Work task — Transcribe the entries below word for word, beginning at the line with "198 - Three" and stopping after the line with "Cirrus S$22 single"; drop all pictures.

Information provided —
○ ○ ○ ○
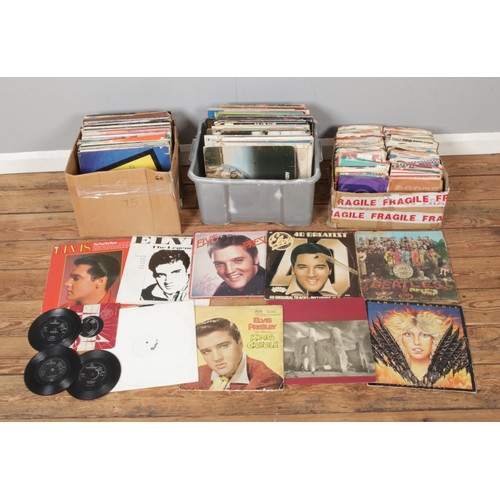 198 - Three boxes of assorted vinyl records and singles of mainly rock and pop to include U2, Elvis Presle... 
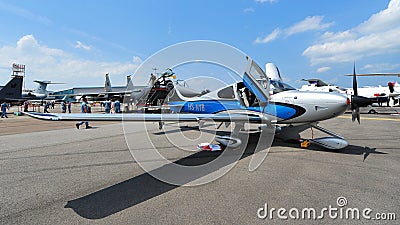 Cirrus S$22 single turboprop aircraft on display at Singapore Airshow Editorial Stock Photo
○ ○ ○ ○
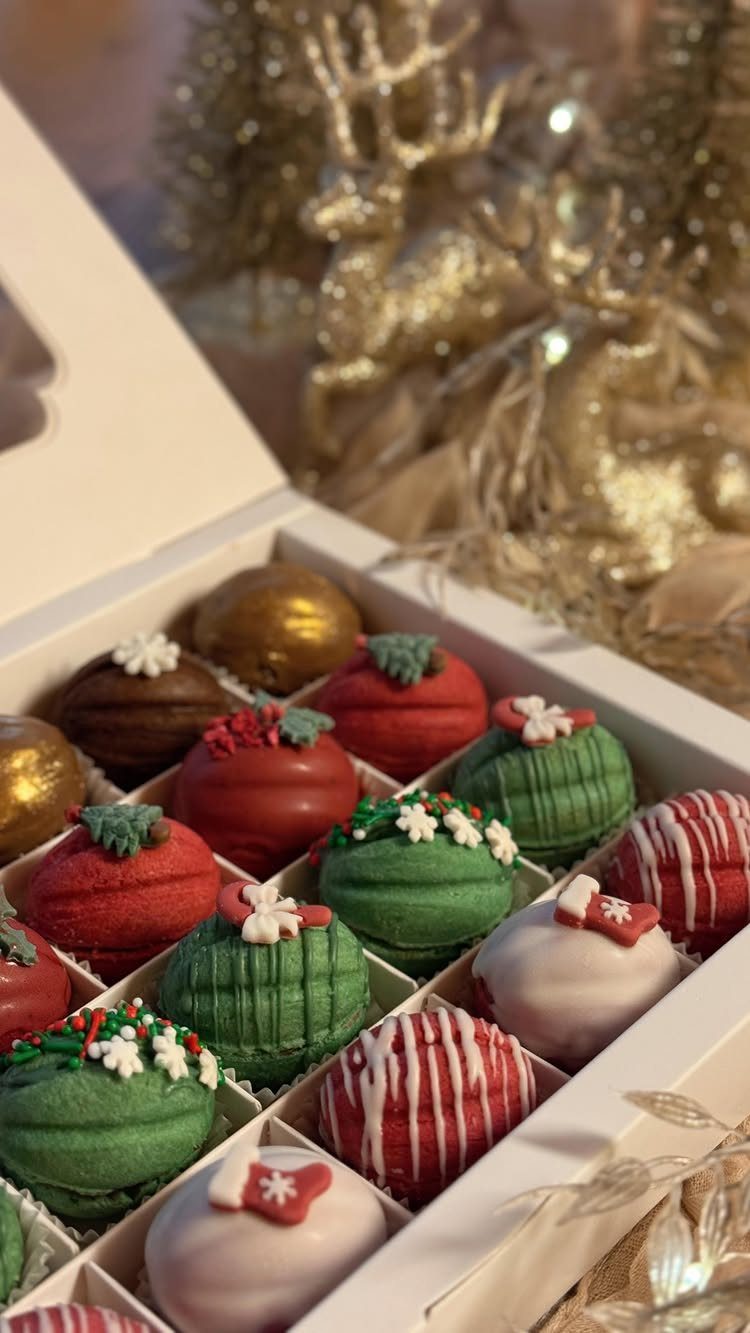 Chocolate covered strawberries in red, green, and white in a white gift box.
○ ○ ○ ○
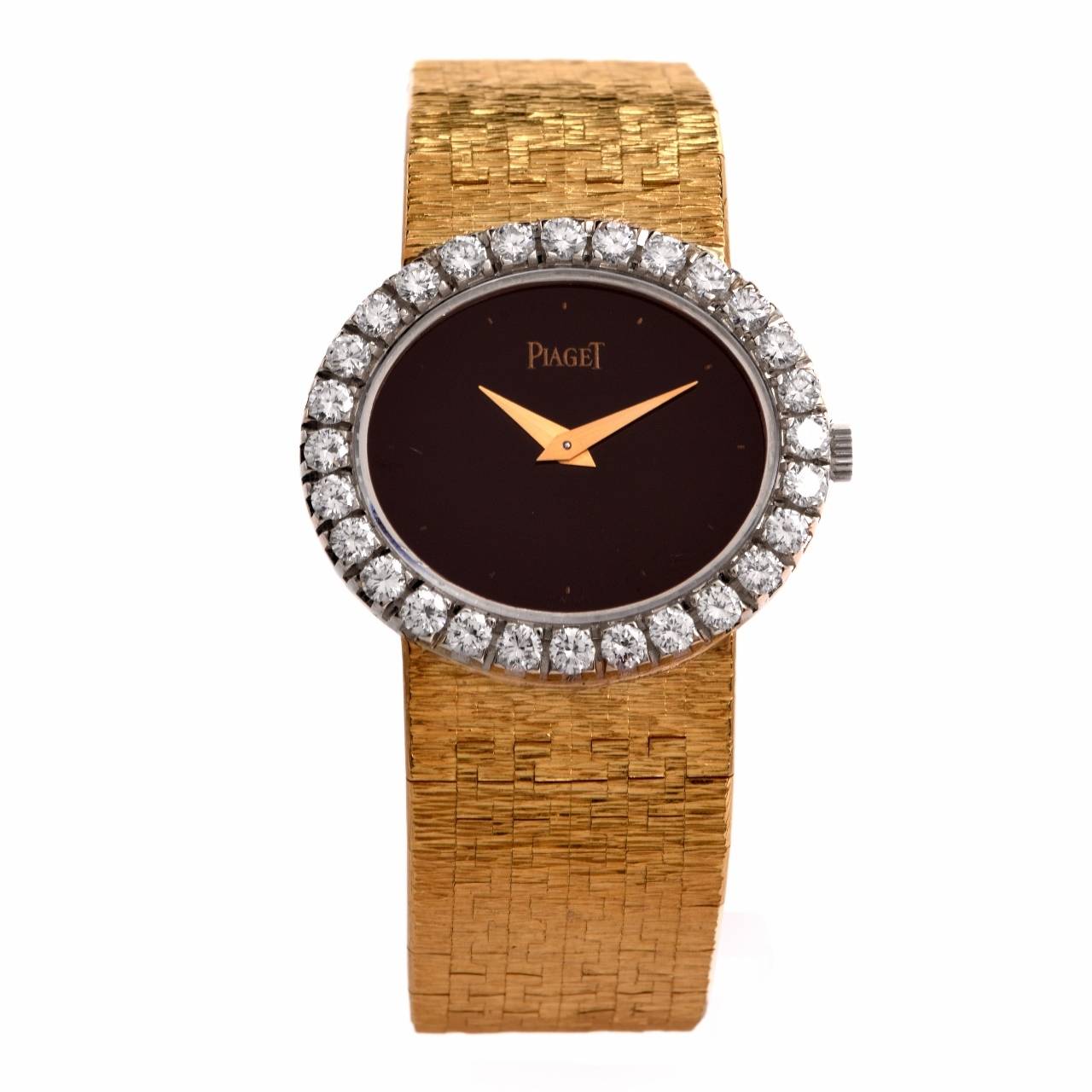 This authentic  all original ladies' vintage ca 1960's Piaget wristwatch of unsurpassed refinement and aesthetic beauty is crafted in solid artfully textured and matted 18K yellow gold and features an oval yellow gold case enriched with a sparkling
○ ○ ○ ○
Answer for the task —
 198 - Three boxes of assorted vinyl records and singles of mainly rock and pop to include U2, Elvis Presle... 
 Cirrus S$22 single turboprop aircraft on display at Singapore Airshow Editorial Stock Photo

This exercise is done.